Las sombras se alimentan también

Hacía mucho mucho tiempo, tanto que ya no recordaba, una niña o una anciana se hallaba vagando por la Tierra en uno de sus tantos viajes interminables.

Dos de sus pergaminos habían muerto a causa de la pudrición que los consumía. Muchos nombres se perdieron y un tercer pergamino se pudría con asombrosa rapidez. Le dolía que aquello sucediese pues, a pesar de sus largos años de existencia, ya había sido testigo de pérdidas semejantes. No dejaba de sorprenderse todavía, ni siquiera de sentir miedo.

Sin embargo, aquel día, no era miedo lo que sentía precisamente sino un ansiedad que nacía en su bajo vientre y se extendía por todo su cuerpo. No sabía a dónde ir, ni siquiera cuándo. Mucho menos si debía seguir. ¿Cuál era la razón de hacerlo? ¿Qué la esperaba al otro lado?


Se había detenido a reflexionar sobre aquello al lado de un pozo vacío. Recordaba muy bien todo lo que representaba. Recordaba con claridad que su nacimiento, aunque lo parecía, no era una bendición. ¿De qué le servía vivir eternamente sin tener más razones para hacerlo que el de cuidar de aquellos documentos? No era nada y ella lo sabía. Incluso los cascarones de los polluelos podrían servir aún luego de haber sido abandonados. ¡Incluso conservaron la vida en su interior alguna vez! ¿Pero qué podría decir ella de sí misma?

Aquella ansiedad, aquella duda, subió al fin a su garganta hasta hacerla llorar con la misma energía con la que leía a veces la vida de alguien: con afán, con la necesidad de respirar las letras con la misma fuerza de sus pulmones. Lloró y lloró hasta que el cielo la dejó en sombras, hasta que la luz disipó la oscuridad, hasta que los murciélagos salieron de sus escondites, hasta que las aves volvieron a construir sus nidos, hasta que los grillos cantaron, hasta que las flores despertasen ante el rocío.

Se había quedado ya sin aire, desmadejada sobre la hierba como carne a punto de morir y vaya que si seguía así terminaría muriendo de nuevo. No podía ser tan irresponsable, no en esa época. ¿Algún día encontraría algo más que aquella misión tan ingrata? ¿Podría conocer más de lo que ya había visto? ¿Podría siquiera ir en contra de lo que debía hacer? ¿Sería capaz de ello? Y aunque así fuese, ¿qué necesitaba? ¿Qué era lo que le faltaba? ¿Por qué se sentía así, como una veleta sin viento? No lo sabía. No lo sabía y aún así se levantó del suelo para continuar con su camino.

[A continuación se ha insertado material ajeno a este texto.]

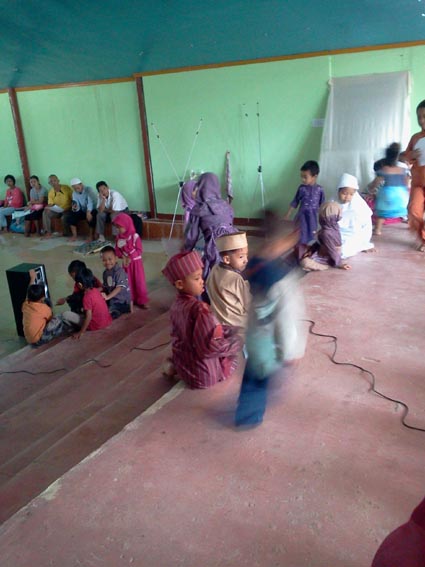 Blognya Miss Dini: Namanya juga anak-anak...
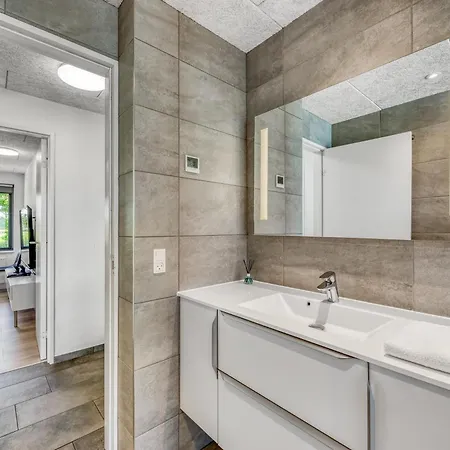 Large, Completely Renovated Activity House With Wilderness Bath And Outdoor Sauna * Ulfborg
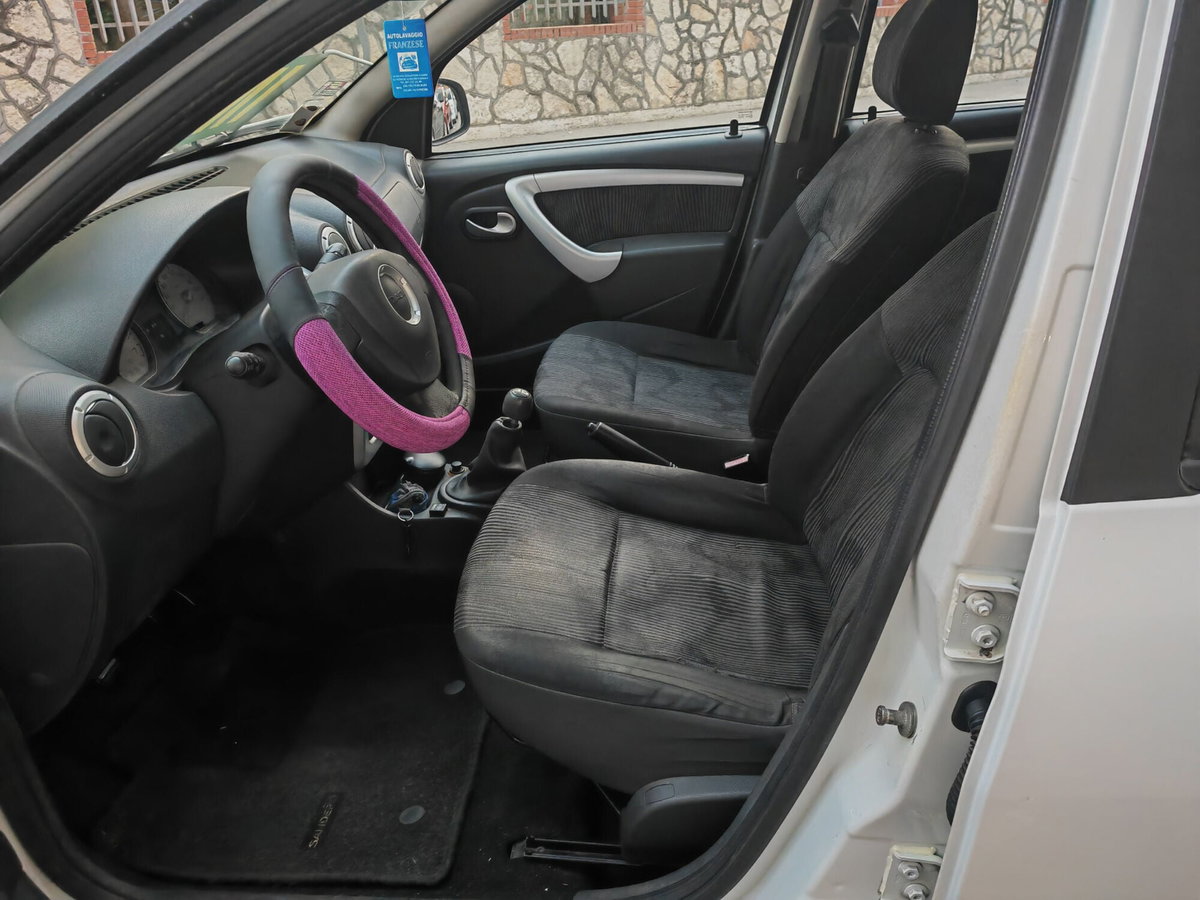 Dacia Sandero 1.4 8V GPL Lauréate (7)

Si hubiese sido una humana más, habría deseado ser feliz. Habría dejado caer una moneda en el interior de aquel pozo y esperaría como una niña el momento de recibir su regalo. Más no lo era. Dejó sus lágrimas atrás así como la moneda. Se sentía sucia y vacía, pero debía conseguir comida y estabilizarse si quería seguir adelante.

Aquel día, hacía mucho mucho tiempo, una mañana que ya no recordaba pues era tan simple como las que le siguieron, había sido asaltada por el dolor y por algo que no lograba discernir más allá de lo primero. Estos nadaron en sus lágrimas como la arena en el mar, hasta acumularse y dar vida a un impulso que podría llevarla por un camino o por otro, que podía absorberla por completo o simplemente quedarse dentro de sí hasta el próximo momento de abandonarse.

Aquella sombra sin nombre se asomó por el charco, tomando la moneda que reafirmaba su existencia. Ya no era una simple idea o sensación. No era una duda ni tampoco una ansiedad que se movía entre ambas bilis humóricas. Vivía, podía moverse, ver lo que la rodeaba, alimentarse… ¿Quién diría que la Vida fue la primera en alimentar a la sombra y llevarla al fin a la luz?